> INFORMATION SHOWN
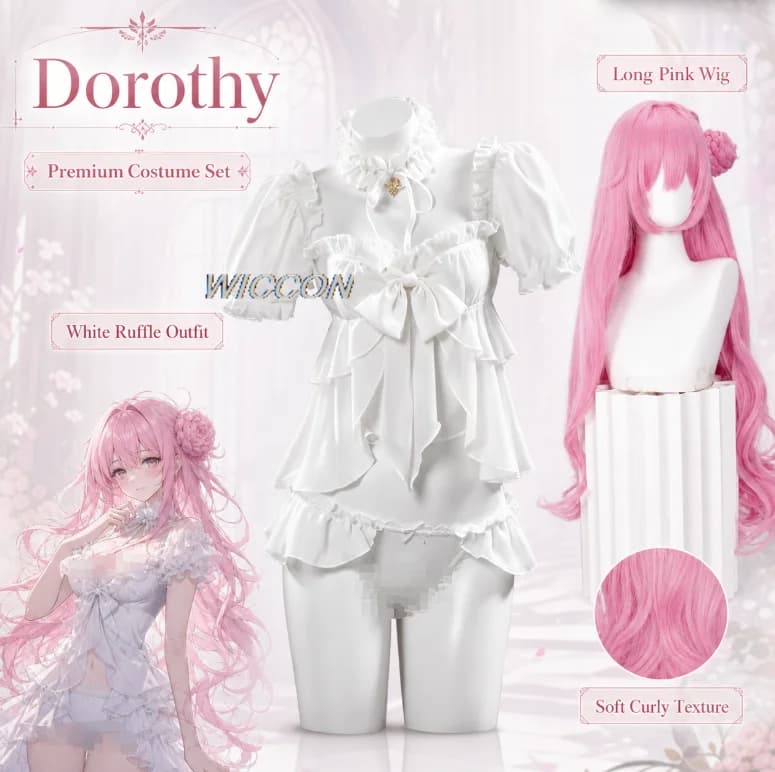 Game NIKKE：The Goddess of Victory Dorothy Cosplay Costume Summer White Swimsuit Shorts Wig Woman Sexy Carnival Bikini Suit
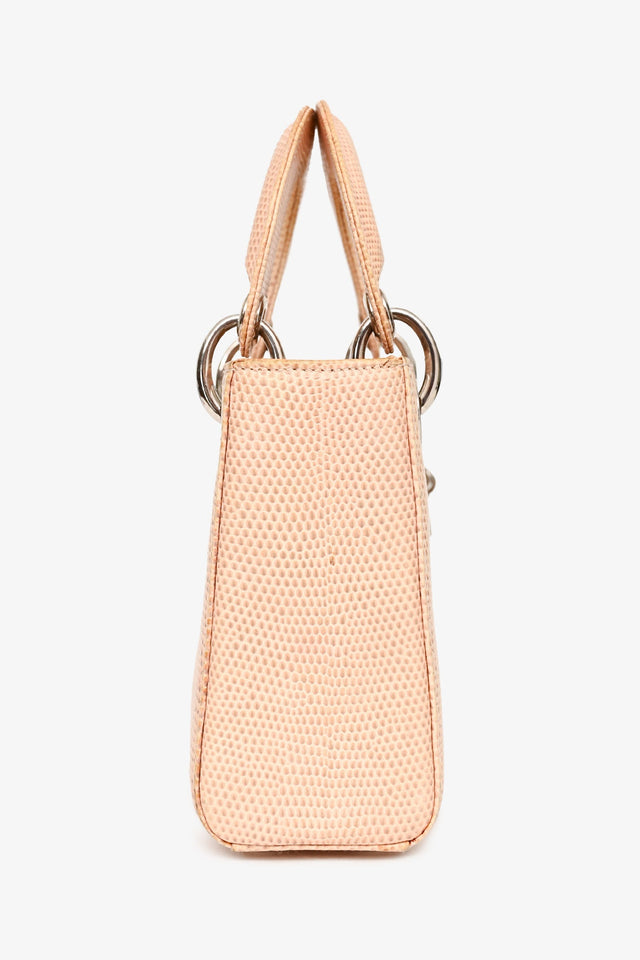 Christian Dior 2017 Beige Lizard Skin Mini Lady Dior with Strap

* * *

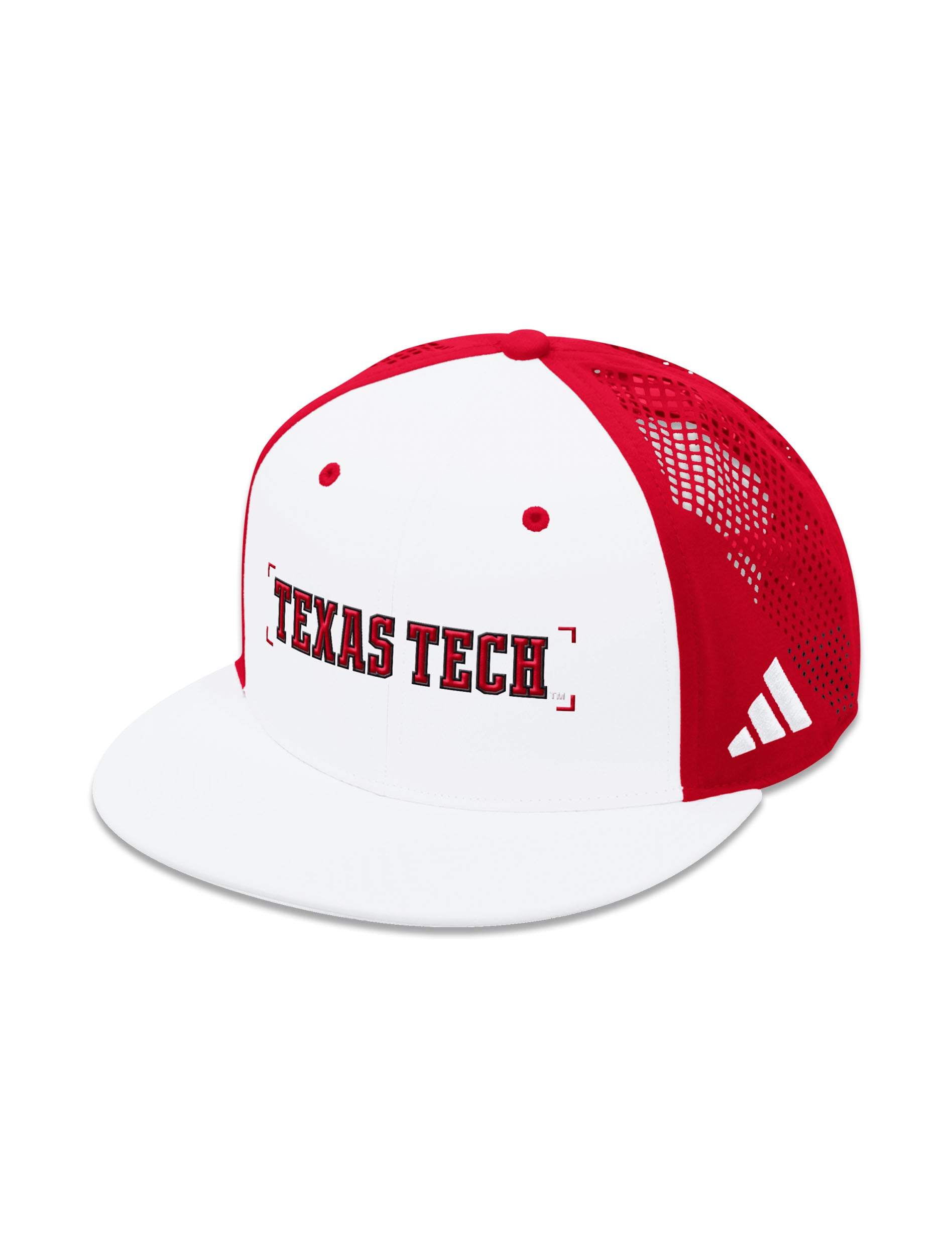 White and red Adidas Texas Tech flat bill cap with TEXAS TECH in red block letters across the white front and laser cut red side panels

> ACTIVITY
Go back to the listing above and write out the lines starting at the one with "Game NIKKE：The Goddess" and ending at the one with "Christian Dior 2017", inclusive, exactly and without pictures.

> RESULT BELOW
 Game NIKKE：The Goddess of Victory Dorothy Cosplay Costume Summer White Swimsuit Shorts Wig Woman Sexy Carnival Bikini Suit
 Christian Dior 2017 Beige Lizard Skin Mini Lady Dior with Strap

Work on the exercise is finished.